(The data)
════════

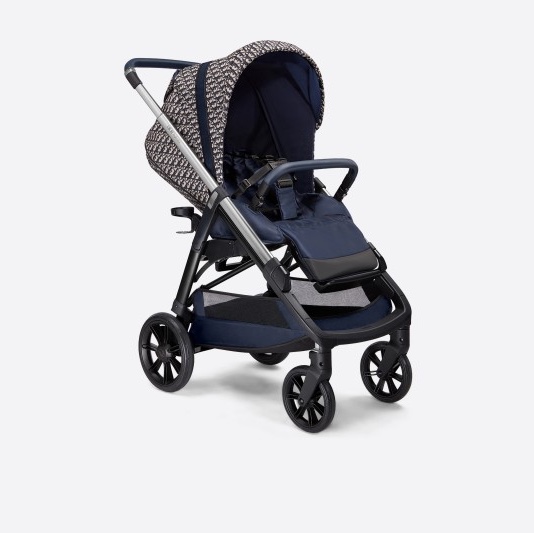Dior Stroller Blue and Beige Water-Repellent Canvas with Dior Oblique Print (Korean Ver.) 착용 스타일 - 5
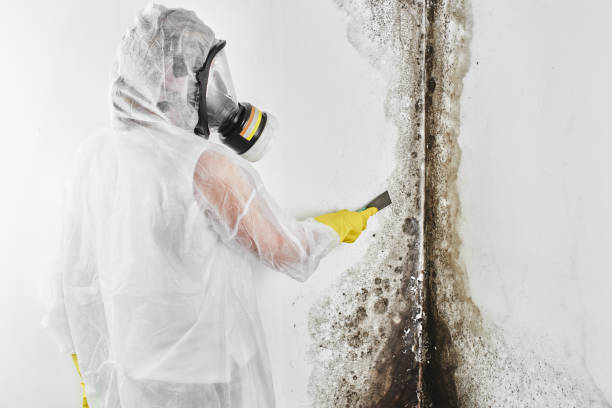Best Affordable Mold Removal  in South Boston, VA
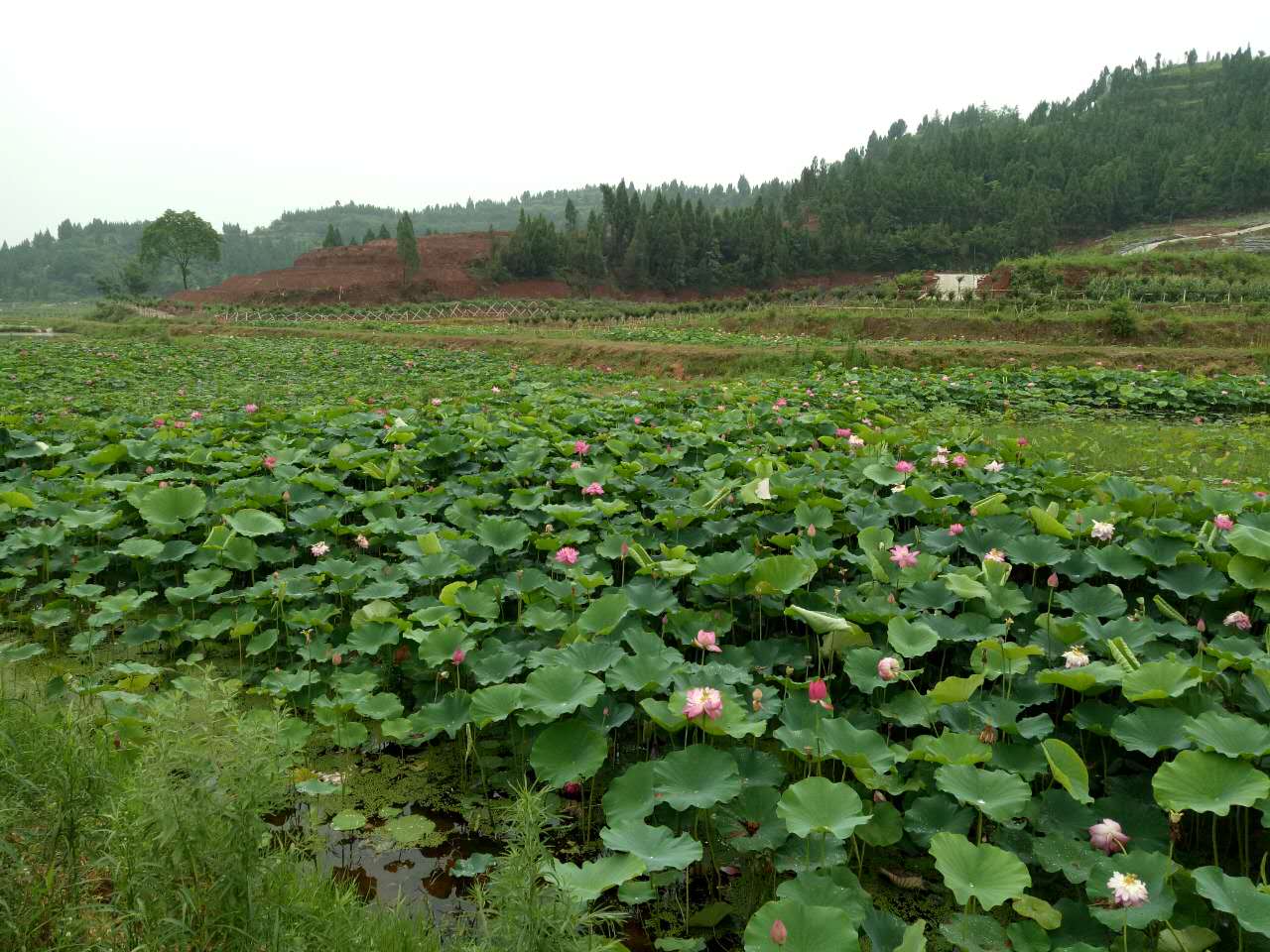 南充市世阳镇最新视频,南充世阳镇最新消息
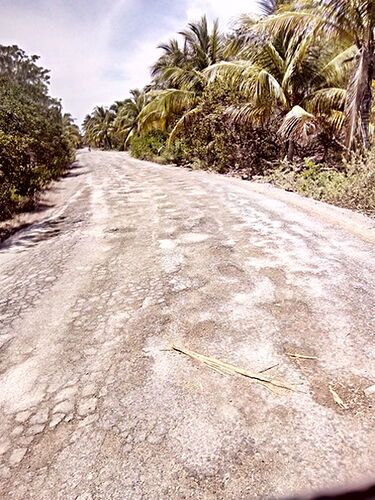 Re: Route pour Cayo Jutias après le passage Irma - chavitomiamor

════════

(Action item) A word-for-word copy of the data, without its pictures, is what is needed.

(Solved exercise)
Dior Stroller Blue and Beige Water-Repellent Canvas with Dior Oblique Print (Korean Ver.) 착용 스타일 - 5
Best Affordable Mold Removal  in South Boston, VA
 南充市世阳镇最新视频,南充世阳镇最新消息
 Re: Route pour Cayo Jutias après le passage Irma - chavitomiamor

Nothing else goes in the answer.